La réalisation de cet accord de retrait mutuel avait été retardée à la suite d’un incident rocambolesque qui a fait l’objet de récits contradictoires. Selon les médias officiels russes, un groupe de combattants tchétchènes dirigé par le président, le général Doudaev en personne, avait attaqué un poste de garde russe, blessant grièvement un soldat. De source tchétchène, on affirme que le président Doudaev se trouvait ” en mission d’inspection ” (les troupes russes stationnent actuellement sur des territoires que les Tchétchènes considérent comme leurs) lorsque sa voiture a été interceptée par des soldats russes que ses gardes du corps ont désarmés après une ” courte explication “. A la suite de quoi, les soldats russes auraient exigé (et apparemment obtenu) qu’on leur rende leurs armes, mais aussi réclamé une compensation pour le ” préjudice moral ” subi, sous la forme de 500 000 roubles et de deux caisses de vodka et de cognac… Entre-temps, une délégation tchétchène venue négocier avec les Russes dans la capitale ingouche Nazran avait été arrêtée à titre de représailles, et, semble-t-il, battue.
Réfugiés et otages
Le côté un peu burlesque des événements ne doit pas dissimuler le fait que la situation est devenue assez sérieuse pour le général Doudaev. Bête noire des autorités russes, qu’il provoque souvent par ses déclarations de matamore, l’ancien général d’aviation doit à présent résister aussi bien à la pression extérieure qu’à une forte contestation intérieure, notamment de la part de son vice-premier ministre, M. Mamodaev, qui dispose, comme la plupart des autres dirigeants tchétchènes, de sa propre milice. Les autorités russes, qui proclament n’avoir aucune intention de remettre militairement au pas la Tchétchénie, opération qui risquerait d’être extrêmement sanglante, ont donc quelques raisons d’espérer que leur démonstration de force dans la région puisse suffire à précipiter la chute du bouillant général.

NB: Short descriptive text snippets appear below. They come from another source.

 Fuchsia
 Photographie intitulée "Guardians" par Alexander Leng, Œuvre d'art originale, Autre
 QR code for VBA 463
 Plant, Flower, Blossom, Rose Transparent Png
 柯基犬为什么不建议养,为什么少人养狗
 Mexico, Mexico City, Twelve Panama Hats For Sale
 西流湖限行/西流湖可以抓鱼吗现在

Dans le même temps, la situation en Ingouchie même reste très difficile pour la population locale, et plus encore pour les réfugiés (dix-huit mille maisons ingouches auraient été brûlées dans la région contestée de Prigorodny, près de la capitale ossète Vladikavkaz). L’approvisionnement est de plus en plus rare, les camions apportant des vivres sont bloqués ou pillés au passage par les Ossètes. Un nombre indéterminé d’otages ingouches restent détenus en Ossétie du Nord, et les tentatives faites par les troupes russes, théoriquement en charge de faire respecter l’état d’urgence, pour obtenir leur libération restent sans effet. De plus, un grand nombre d’otages ingouches ont été transférés en Ossétie du Sud, c’est-à-dire en territoire géorgien. Le retour des réfugiés, prôné par les responsables russes, reste hautement aléatoire : ainsi un groupe d’une centaine de personnes, qui étaient revenues dans les ruines de leur village pour reconnaître les corps de leurs proches, en principe sous la protection de deux blindés russes, a été arrêté. Les femmes ont été relâchées, mais tous les hommes ont été emmenés vers une destination inconnue.

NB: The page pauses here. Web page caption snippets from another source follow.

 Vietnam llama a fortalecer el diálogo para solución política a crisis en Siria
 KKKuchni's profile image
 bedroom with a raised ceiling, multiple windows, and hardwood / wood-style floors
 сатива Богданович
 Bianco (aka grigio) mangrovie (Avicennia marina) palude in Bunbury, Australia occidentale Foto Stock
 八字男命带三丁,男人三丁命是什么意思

A Moscou, M. Piotr Fedosov, un responsable de l’Union civique, le parti ” centriste ” qui critique l’actuel gouvernement tout en ménageant M. Eltsine, a dénoncé mardi les actes de ” cruauté ” dont ont été victimes les Ingouches. Il a aussi souligné que les autorités russes n’avaient pas pris les mesures préventives nécessaires, et mis en cause la partialité des médias russes, qui a, selon lui, contribué à aggraver la situation sur le terrain, et dont il a rendu responsable le ministre de l’information, M. Mikhail Poltoranine.

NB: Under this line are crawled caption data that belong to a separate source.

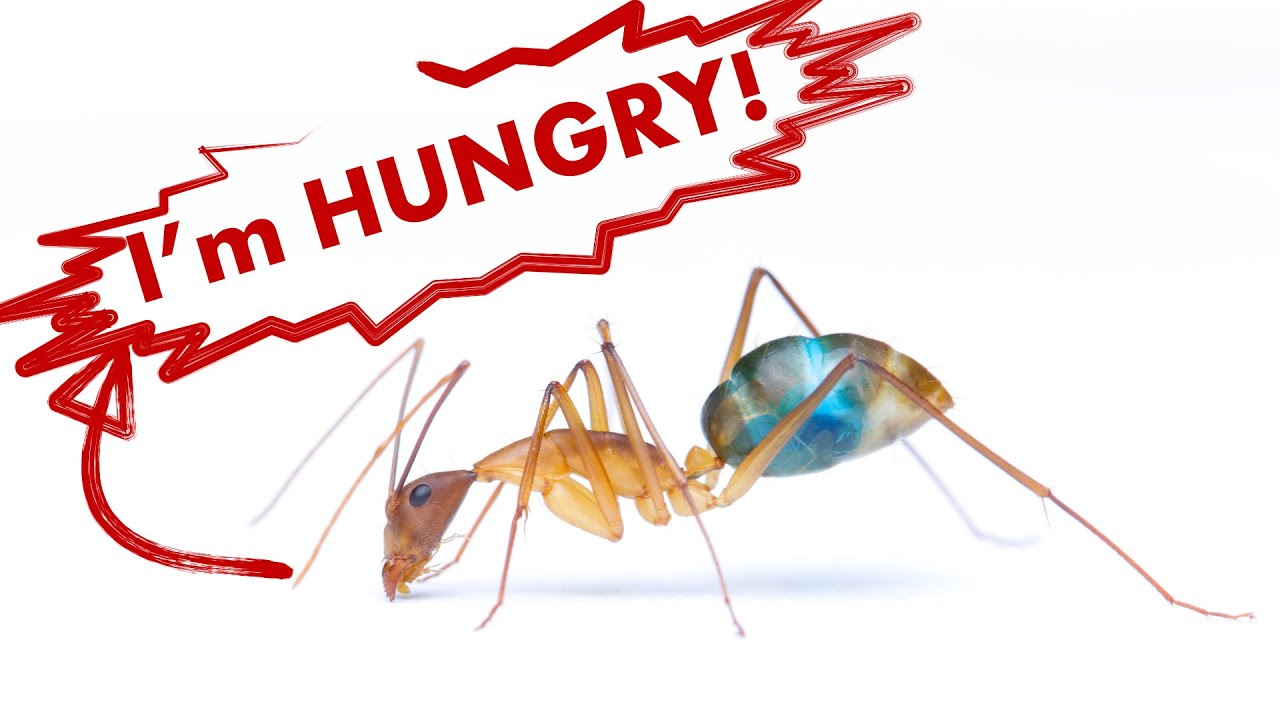 What, Why, and How to Feed Your Ant Colony: Ant ants hide to eating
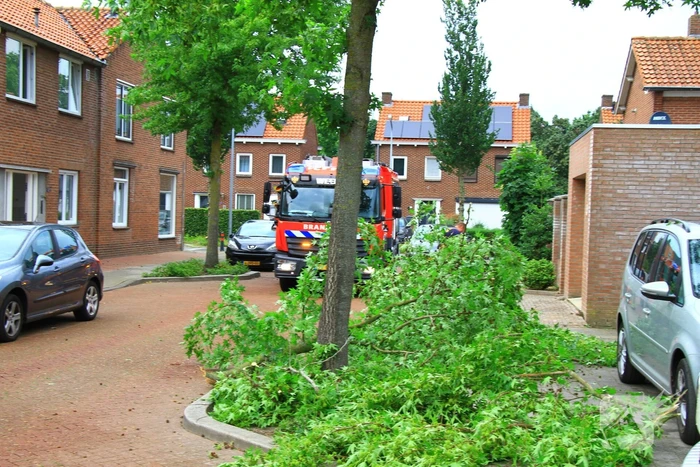 Grote tak breekt uit boom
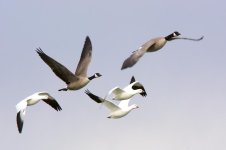 DucksnStuff 262.jpg
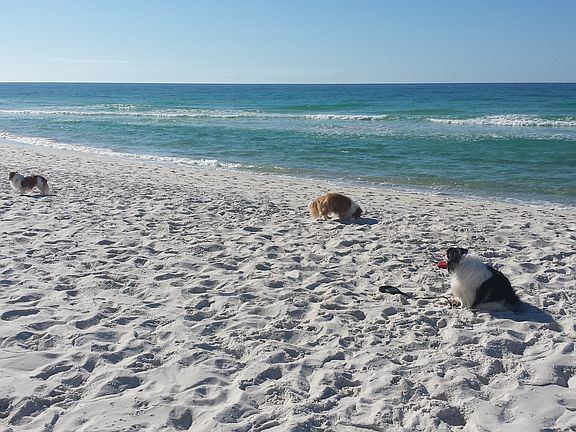 Beach is 25 yds from house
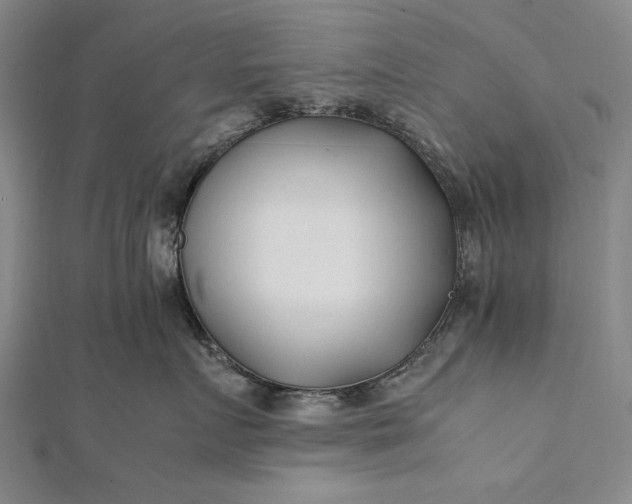 X0000112370719200908271318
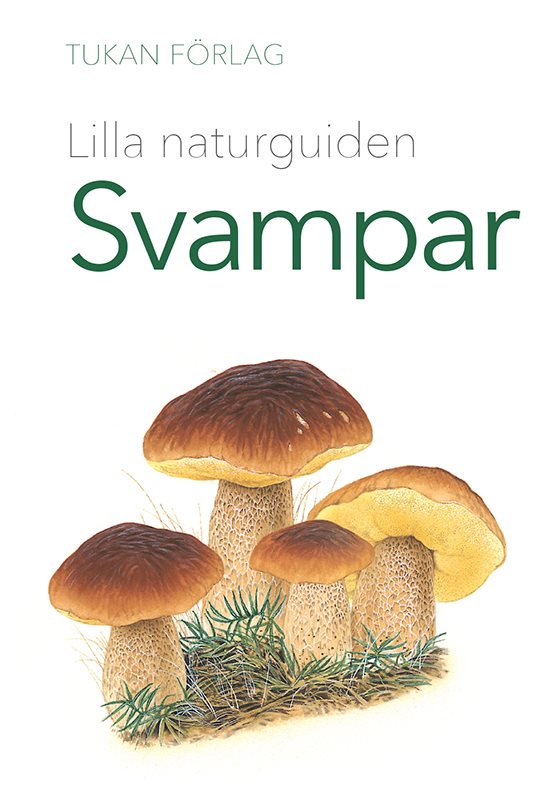 Lilla naturguiden: svampar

De fait, la télévision russe, en particulier, a présenté les événements de manière parfaitement scandaleuse, même si certains organes de la presse écrite se sont ensuite fait l’écho des atrocités commises sur le terrain. Les autorités de Moscou ont depuis lors confirmé leur détermination à contrôler strictement la couverture des événements, puisque tous les journalistes qui désirent se rendre sur place doivent désormais recevoir un agrément préalable, et toutes leurs informations devront _ en principe _ être soumises à l'” examen ” de l’administrateur provisoire de la région, M. Chakhraï.